La maturité démocratique ne s’acquiert jamais dans le vagabondage électoral. Le pays a assez de ce modèle électoral conflictuel. Qu’on a enfin des représentants élus dans la transparence.

Désormais, il est de toute urgence de penser à construire notre idéal démocratique en tant que peuple. Désobstruer le pays de cette tradition électorale litigieuse. Ainsi, vous léguerez aux générations futures, une République digne de son passé.

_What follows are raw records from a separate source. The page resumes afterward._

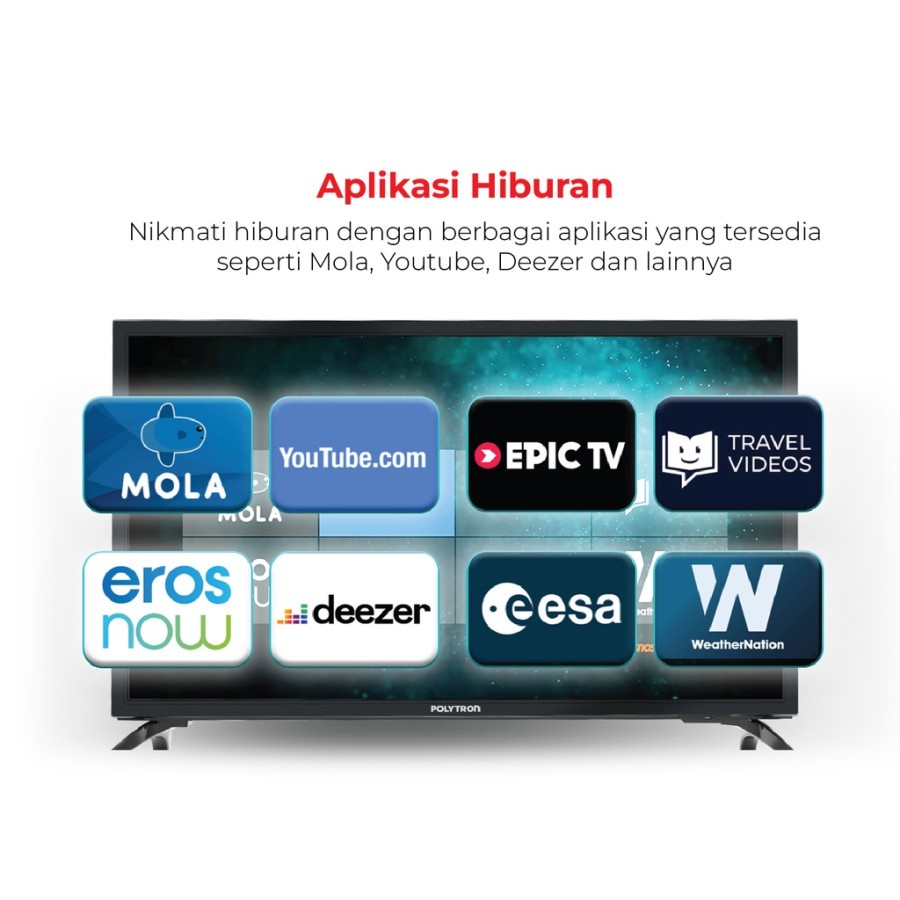 Polytron PLD32MV1859 LED TV 32 Inch Easy Smart Digital TV PLD 32MV1859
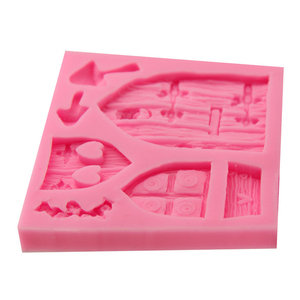 <span class=keywords><strong>Moule</strong></span> à gâteau en <span class=keywords><strong>silicone</strong></span> économique, populaire, avec motifs 3D classiques de style européen (contes de fées, cabane en rondins, portes, fenêtres, bassin, champignons, couronne) - Product Image 3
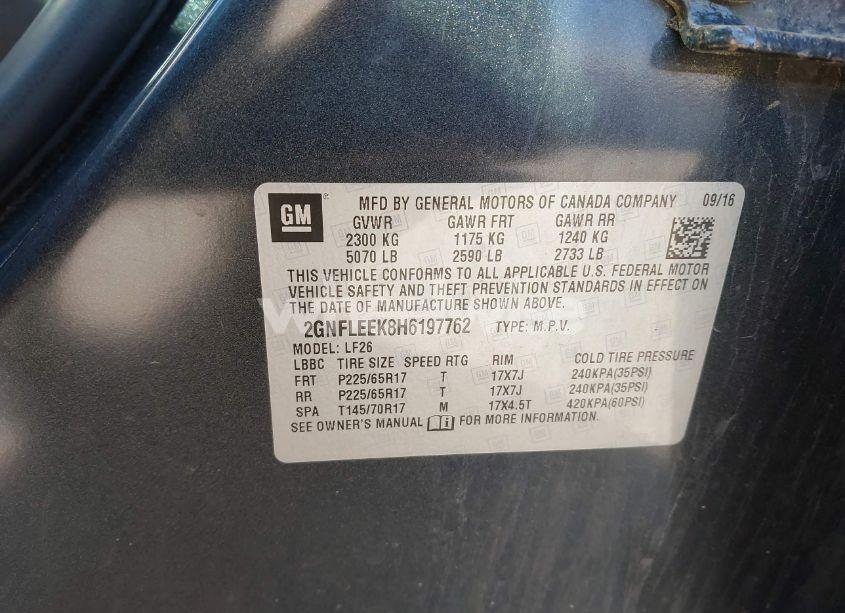 Photo 9 of 2017 Chevrolet Equinox LS (VIN 2GNFLEEK8H6197762)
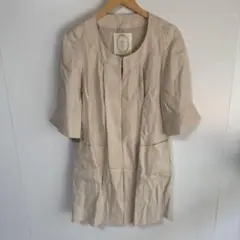 Mirror Mirror on the wall ベージュ 半袖トップス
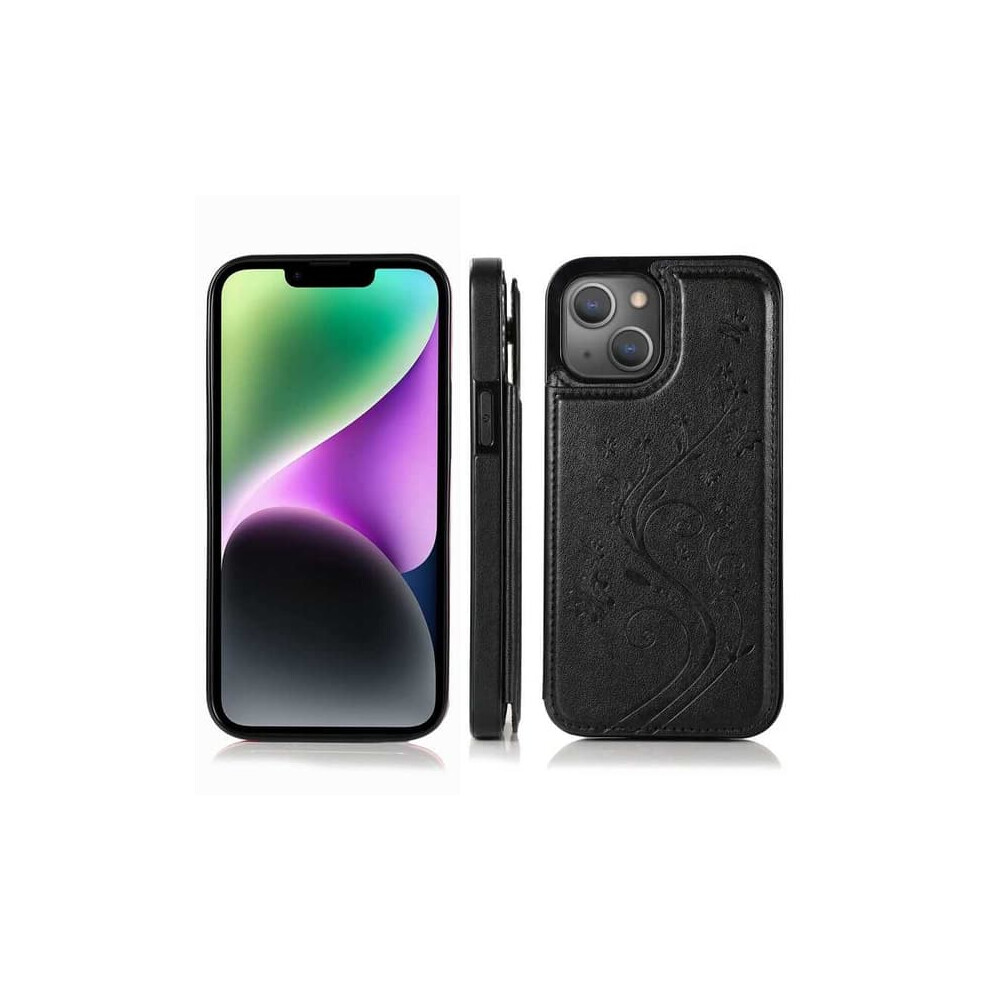 Iphone 13 Shockproof Flip Case With Card Holder 3 940684237548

Bien à vous, chers politiciens, néo-politiciens de mon fier pays !

Osman Jérôme

Partagez

Commentaires

Mylène
Répondre

Je ressens bien ton exaspération, bien compréhensible d'ailleurs. Je me demandais juste : quand tu dis "Ce qui est pire ; ça ne dit rien aux politiciens. Au contraire, les arrange bien dans leur costume d’opportunistes sans scrupules", parles-tu de l'ensemble des hommes politiques ou y a-t-il certains parmi eux dont les voix s'élèvent et veulent améliorer le système ?

Osman Jérôme
Répondre

Intelligente question, Mylène. Tu sais, la fin du monde a été épargnée dans un temps grâce à la fidélité de Noé et sa famille. Donc, y a toujours quelques-uns qui sortent du lot, et font du même coup la différence. Ce serait trop cruel de ma part de mettre tous les politiques haïtiens dans le même sac, mais crois-moi ma sœur, la différence est tellement minime, qu’elle parait invisible. Cependant, ce que je peux te garantir, il y a de l’espoir à l’horizon avec l’engagement certains jeunes qui veulent désormais s’initier dans la politique du pays.

Mylène
Répondre

Ah, ta réponse me rassure un peu, même si évidemment, il est sûr que ces jeunes dont tu parles portent déjà alors une lourde responsabilité qu'il leur faudra (bien) assumer, pour une évolution positive du système. Cela ne va pas être évident, mais l'espoir est là...

Osman Jérôme
Répondre

La détermination est bien la. Et la différence ne se tardera pas à se faire sentir. Ce qui est plus réjouissant dans tout ça, c’est que ça ne concerne pas seulement la sphère politique, mais aussi d’autres secteurs de la vie nationale, dans lesquels, les jeunes qui ont conscience de ce dont ils représentent pour le pays commencent activement par s’engager. Et ceci est un bon signe pour une Haïti qui a tant besoin de respirer un nouvel air sociopolitique pour sa pleine régénération dont nous espérons tous. Seulement, ces jeunes ont besoin d’être encadrés. Et voilà comment ils seront utiles à leur pays chéri.

Nelson
Répondre

On est dans la merde totale avec cette grande interrogation sur la réalisation des élections dans le pays. Mais bon, on est pas du même côté quand à l'avenir. je le dis toujours c'est parce que je suis croyant et par conséquent je crois à un avenir pour ce pays. Sinon avec des raisonnements scientifiques, je dirais qu'il n'y a aucun espoir pour ce grand peuple.

Osman Jérôme
Répondre

Je comprends bien ta frustration, Nelson. Mais essayons tout de même de regarder l’autre face de la monnaie. D'ailleurs, tu connais déjà ma position sur certains sujets, liés à la crise haïtienne. Mais je veux bien faire un peu de crédit à cette tranche de la jeunesse consciente (no zokikifiée), qui veut bien que les choses changent. Nous aussi (toi et moi), nous avons nos responsabilités. Ann pike devan !

Nelson
Répondre

wè restons très positif.

Emilia U. Chaney
Répondre

Mis sur pied à l'automne 2009 dans la foulée d'accusations de partialité formulées à l'endroit de la structure électorale précédente, le CEP devait veiller au bon déroulement des élections législatives, initialement prévues pour février 2010, mais reportées à cause du séisme de janvier.Sa décision, en novembre 2009, de rejeter 14 partis, dont Fanmi Lavalas, le parti de l'ancien président Aristide, a étayé les allégations de ses détracteurs.

William Bayiha
Répondre

C'est fou comme Haiti ressemble à un pays africain. Malgré le fait qu'elle se trouve à quelques milliers de kilomètres, la démocratie de cette vielle nation ressemble à celle de ce cote de l'Atlantique comme deux gouttes d'eau. Je refuse de croire à un fatalisme.

Osman Jérôme
Répondre

La ressemblance est tellement flagrante, que parfois on arrive même pas à faire la différence. Ben, ici en Haiti y a une jeune classe de politiques qui se germe quelque part, on espère à un changement de la chose.